Con un humor de perros, bebí un trago de café y cerré los ojos mientras notaba cómo descendía por la garganta y arrastraba la leve sensación de náusea que todavía me recorría. Me di la vuelta y estuve a punto de tirarme encima el café cuando descubrí a Ivy en la puerta, con su bata negra de seda, observándome con los brazos cruzados.

—¡Joder! —exclamé, sonrojándome—. ¿Cuánto tiempo llevas ahí?

Ivy sonrió con los labios cerrados, mientras las pupilas se le dilataban lentamente debido a la descarga de adrenalina que habría dejado escapar.

—No mucho —respondió, agarrando a Rex y dándole un achuchón.

—Me has dado un susto de muerte —me quejé. ¿
Y qué hacías ahí de pie, mirándome
?

—Lo siento.

Entonces soltó a Rex y se acercó al fregadero para calentar su taza bajo el chorro de agua hirviendo.

Con fingida naturalidad, me dirigí a mi silla y me senté, intentando que no diera la sensación de que la estaba evitando. No parecía arrepentida, más bien al contrario. Estaba… espectacular, con un ligero toque rosado sobre su piel de alabastro. Parecía sentirse muy cómoda con su bata negra, y se movía de una forma ligeramente provocativa. Sagaz. Era evidente que la noche en casa de Cormel había hecho mucho más que salvar su vida.

—¿Cómo te encuentras? —le pregunté, vacilante, echando un vistazo a la pizza y decidiendo que mi estómago no la soportaría—. Cormel te trajo a casa alrededor de la medianoche. Ummm… Tienes muy buen aspecto.

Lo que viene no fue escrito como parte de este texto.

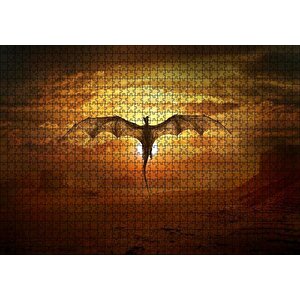 Günbatımında Uçan Efsanevi Ejderha Puzzle Yapboz Mdf Ahşap 1000 Parça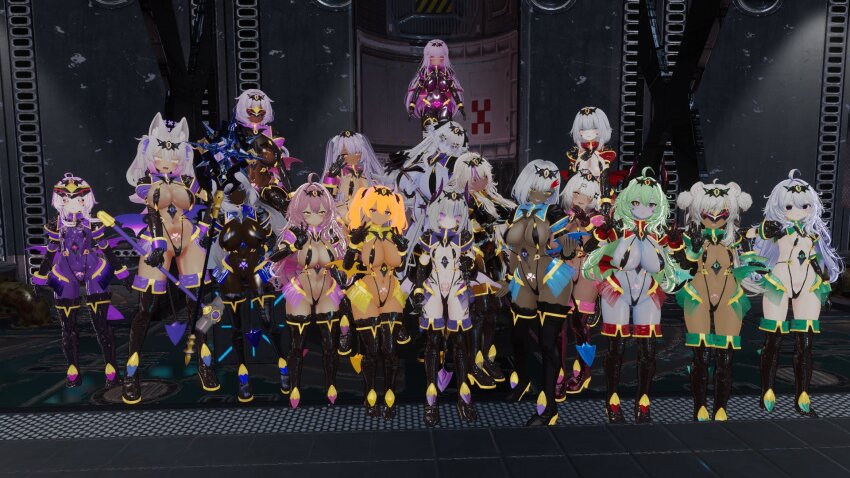 3d ahoge animal_ears bangs black_sclera bodysuit boots breasts cosplay crotch_tattoo cuffs dark_skin empty_eyes female_only femsub flat_chest gloves glowing_eyes green_hair hair_buns hair_ornament hammer happy_trance heart_eyes heterosexual large_breasts latex long_hair looking_at_viewer meltallic multicolored_hair multiple_girls multiple_subs open_mouth opera_gloves orange_eyes orange_hair pink_eyes pink_hair purple_hair purple_skin rubber short_hair slave_gear_(ts_mahou_shoujo_nao!) sling_bikini small_breasts smile staff straight-cut_bangs tail tan_skin tattoo thigh_boots thighhighs tight_clothing ts_mahou_shoujo_nao! twintails v very_long_hair visor vrchat weapon wings yellow_eyes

El ruido del café al caer en la taza se escuchó con fuerza, y dijo sin mirarme:

—Increíblemente bien. No siento ni el más mínimo picor ni la más insignificante molestia. —Su voz sonaba tensa y abatida y, cuidadosamente, volvió a colocar la jarra en su sitio—. Me odio a mí misma, pero mañana me sentiré mejor. Me apoderé de la sangre de alguien para no morir. Mi único consuelo es que no eras tú. —Acto seguido se giró y, alzando la taza como si brindara, añadió—: Por las pequeñas victorias.

Al verla allí, junto al fregadero, con la isla central entre nosotras, no supe qué decir.

—Lo siento —dije quedamente—. No me importa lo que hiciste. Simplemente, me alegro de que estés bien.

Ella bajó la vista y se quedó mirando la taza que tenía entre las manos.

—Gracias. Las dos sabemos que el monstruo está ahí, ¿verdad? No hace falta que salga a la luz.

Sus palabras rezumaban resignación, y protesté:

—Ivy, tú no eres ningún monstruo.

Ella me miró a los ojos por un instante y luego apartó la vista.

—Entonces, ¿por qué me siento tan bien, después de lo que hice anoche?

No sabía qué responder, pero de pronto recordé a los niños del hospital, que habían comparado la magia negra con la quimioterapia.

—Lo único que sé es que te salvó la vida, y que me alegro de que estés bien.